Bruce Bisping • email@example.com ,
Salvation Army food shelves struggling to meet demand for ethnic items
- Article by: Paul Walsh
- Star Tribune
- March 1, 2013 - 12:43 PM
Now don’t misunderstand, Salvation Army officials say. They appreciate all the cans of peas and jars of peanut butter that are donated to their Twin Cities food shelves.
However, with a growing number of Hmong and Latino clients, the charity put out a call Thursday for food more agreeable to Asian and Hispanic diets.
“While we encourage donations of all kinds of nonperishables, we’re asking people to consider giving Asian and Hispanic foods,” said Maj. Jeff Strickler, the Salvation Army’s commander in the Twin Cities. “The neighborhoods we serve are changing.”
The charity said that some Hmong families need bamboo shoots, baby corn and other culturally specific fare because their stomachs won’t accept certain American foods.
For Hispanic families, the call is for rice, Maseca corn flour, cooking oil, hot sauce, salsa, and cans of fruit, veggies and hot peppers.
Five of the Salvation Army’s eight food shelves have strong demand for ethnic food.
In Minneapolis, those are: 2727 Central Av. NE. (Asian, Hispanic); 1604 E. Lake St. (Hispanic); 2024 Lyndale Av. N. (Asian).
In St. Paul, those are: 1019 Payne Av. (Asian, Hispanic); 401 W. 7th St. (Asian, Hispanic).

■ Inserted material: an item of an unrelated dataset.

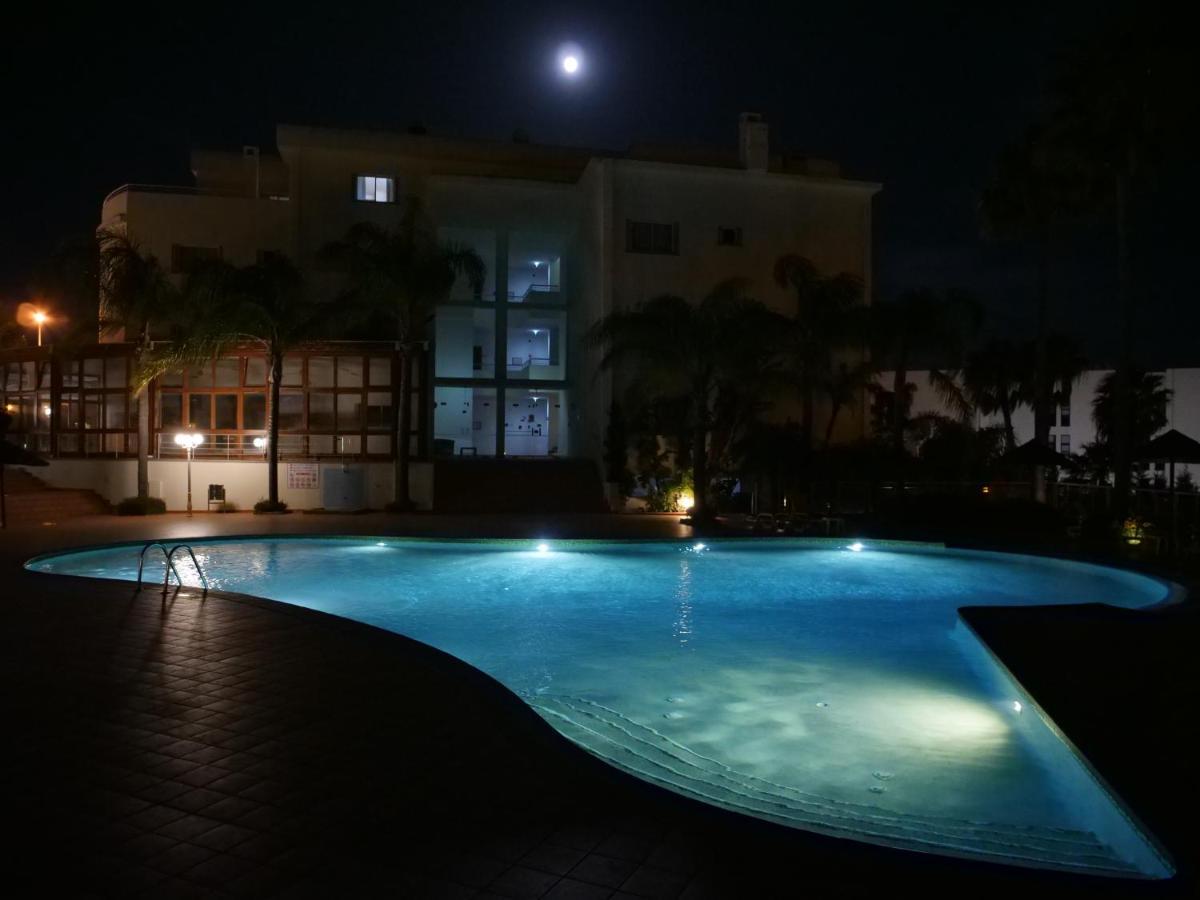 Spacious Apartment Near Porto De Mos Beach, Lagos. Екстер'єр фото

The number of people receiving food at Twin Cities Salvation Army food shelves has increased about 25 percent in the past two years, going from almost 72,000 people in 2010 to nearly 89,000 in 2012. “We’re expecting to eclipse 100,000 people in 2013,” Strickler said.
Salvation Army spokeswoman Annette Bauer said the charity is also seeing an increased demand at its food shelves for gluten-free products among families with members dealing with allergies.
“All of these areas are learning experiences,” Bauer said.